#### [Problem to solve]
Where a picture appears, leave it out; copy everything else in the records exactly.
#### Material provided ####
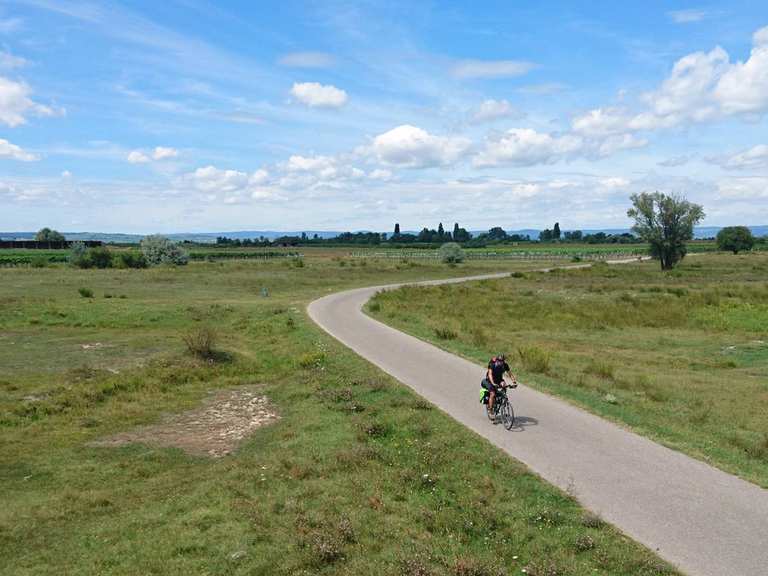 Neusiedler See Radweg drei Tage, zwei Länder, ein See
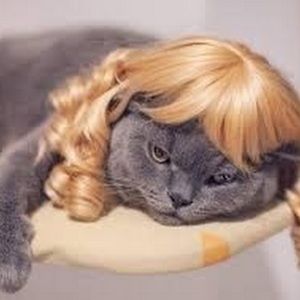 Meet your Posher, Leslie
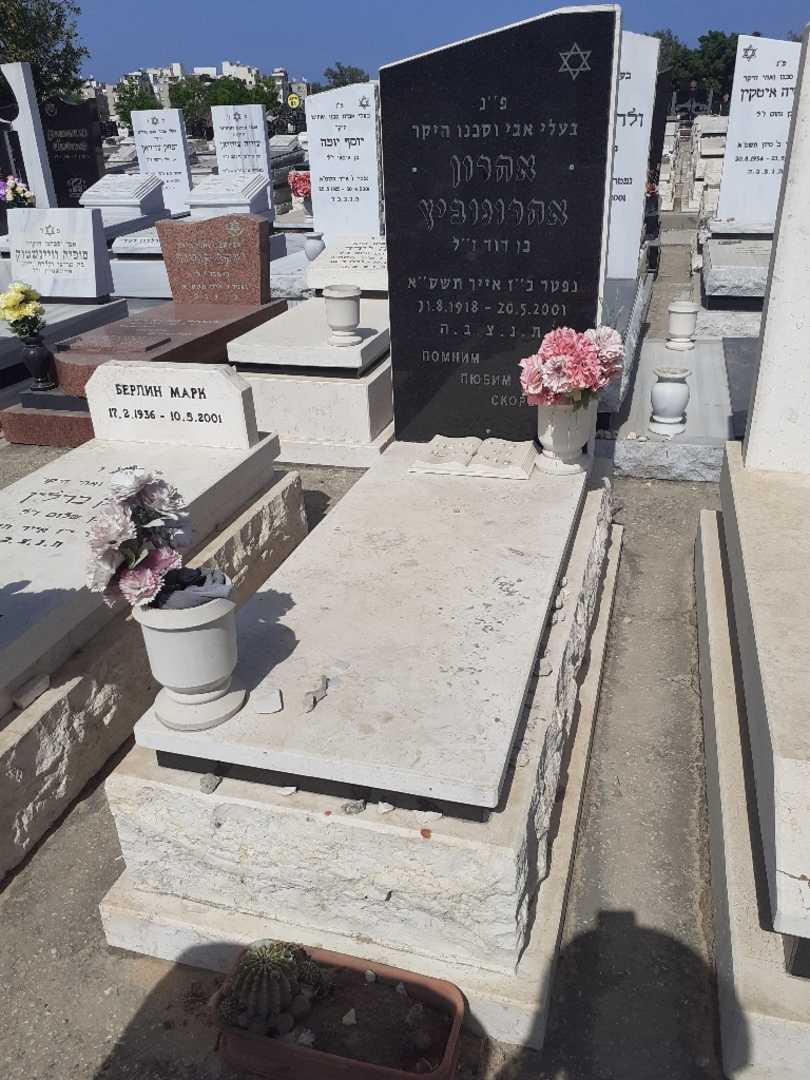 קברו של אהרון אהרונוביץ. תמונה 1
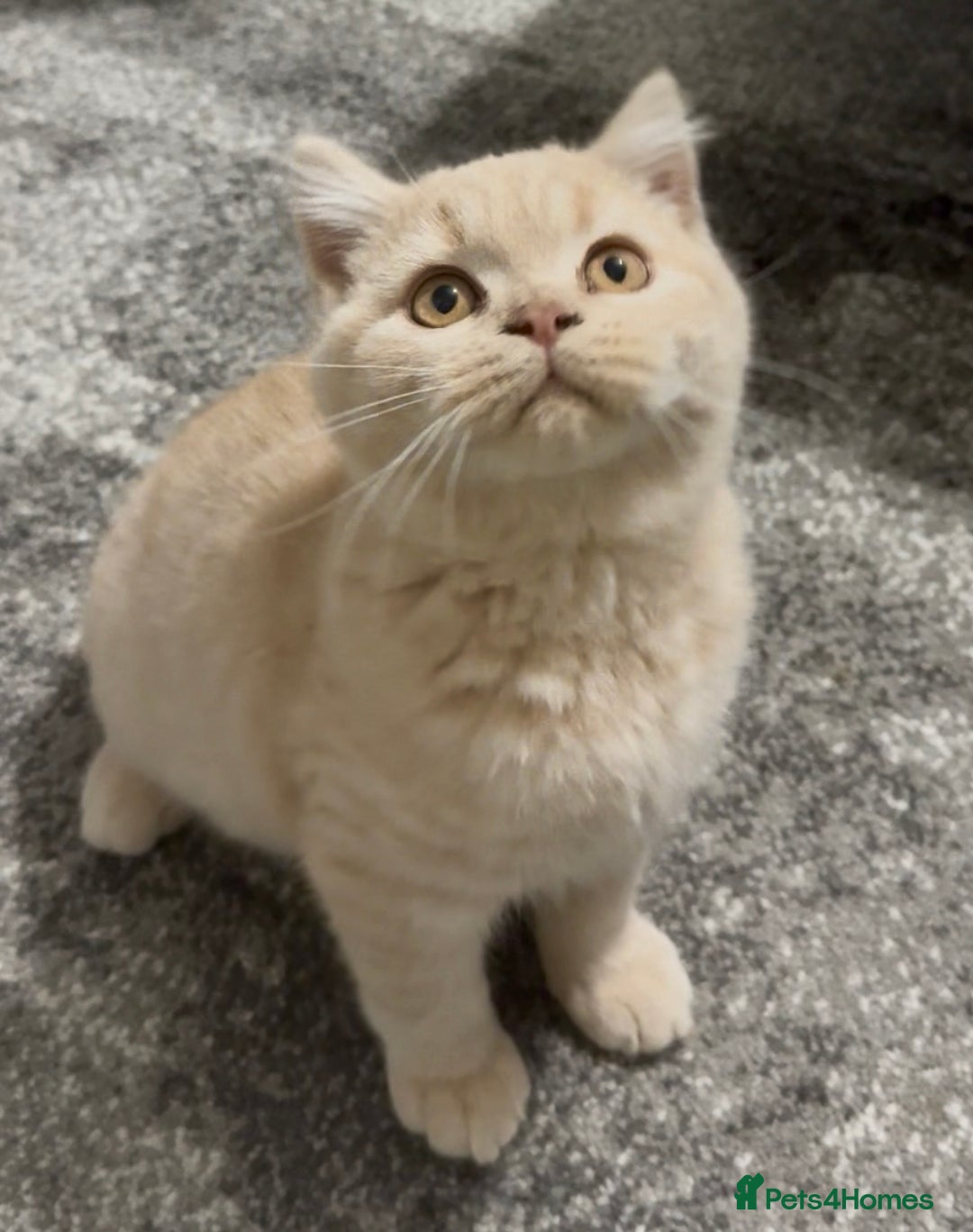 British Shorthair cats for sale: GCCF registered cream bsh boy - Advert 10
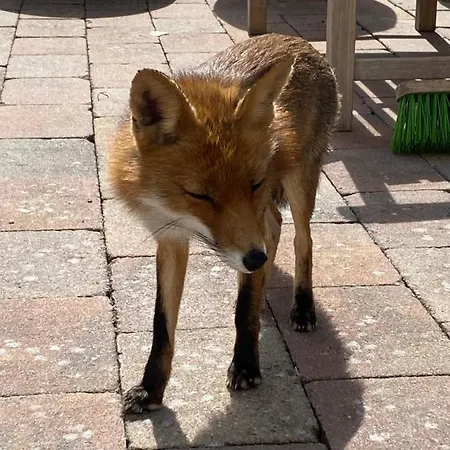 Ibiza In De Duinen Aan Zee Chalé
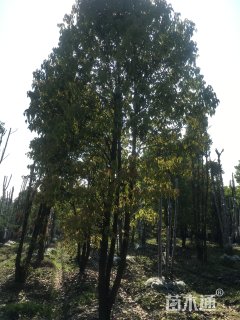 25公分香樟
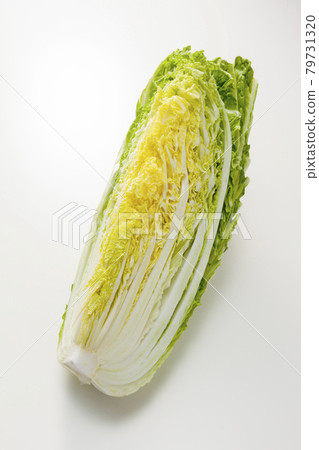 小白菜 79731320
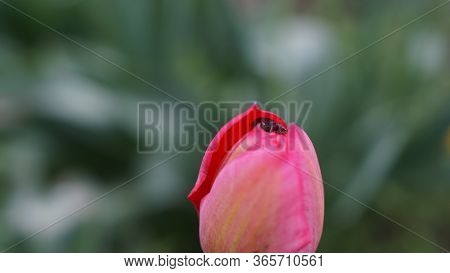 Curculionidae On A Beautiful Pink Tulip, Spring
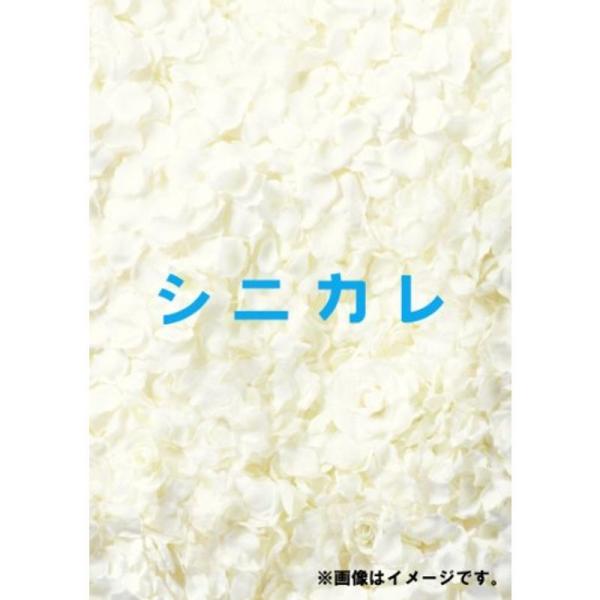シニカレ完全版 ブルーレイBOX Blu-ray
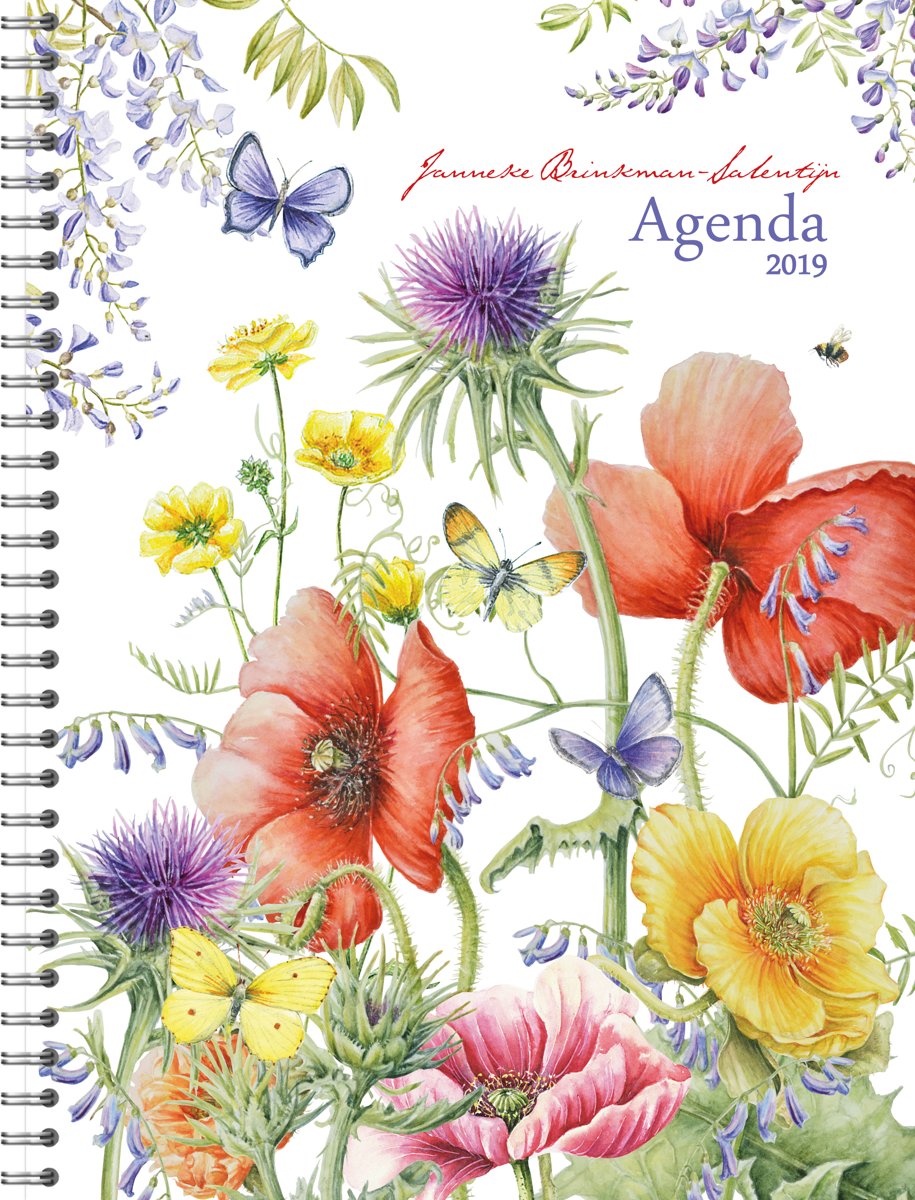 Janneke Brinkman Agenda 2019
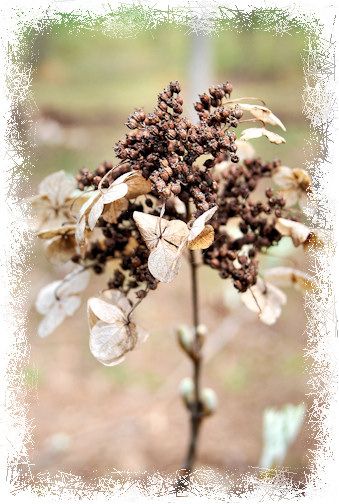  photo WinterHydrangea.jpg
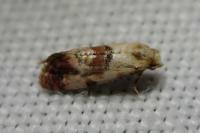 Cochylis millierana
####
#### [Finished exercise]
 Neusiedler See Radweg drei Tage, zwei Länder, ein See
 Meet your Posher, Leslie
 קברו של אהרון אהרונוביץ. תמונה 1
 British Shorthair cats for sale: GCCF registered cream bsh boy - Advert 10
 Ibiza In De Duinen Aan Zee Chalé
 25公分香樟
 小白菜 79731320
 Curculionidae On A Beautiful Pink Tulip, Spring
シニカレ完全版 ブルーレイBOX Blu-ray
 Janneke Brinkman Agenda 2019
  photo WinterHydrangea.jpg
 Cochylis millierana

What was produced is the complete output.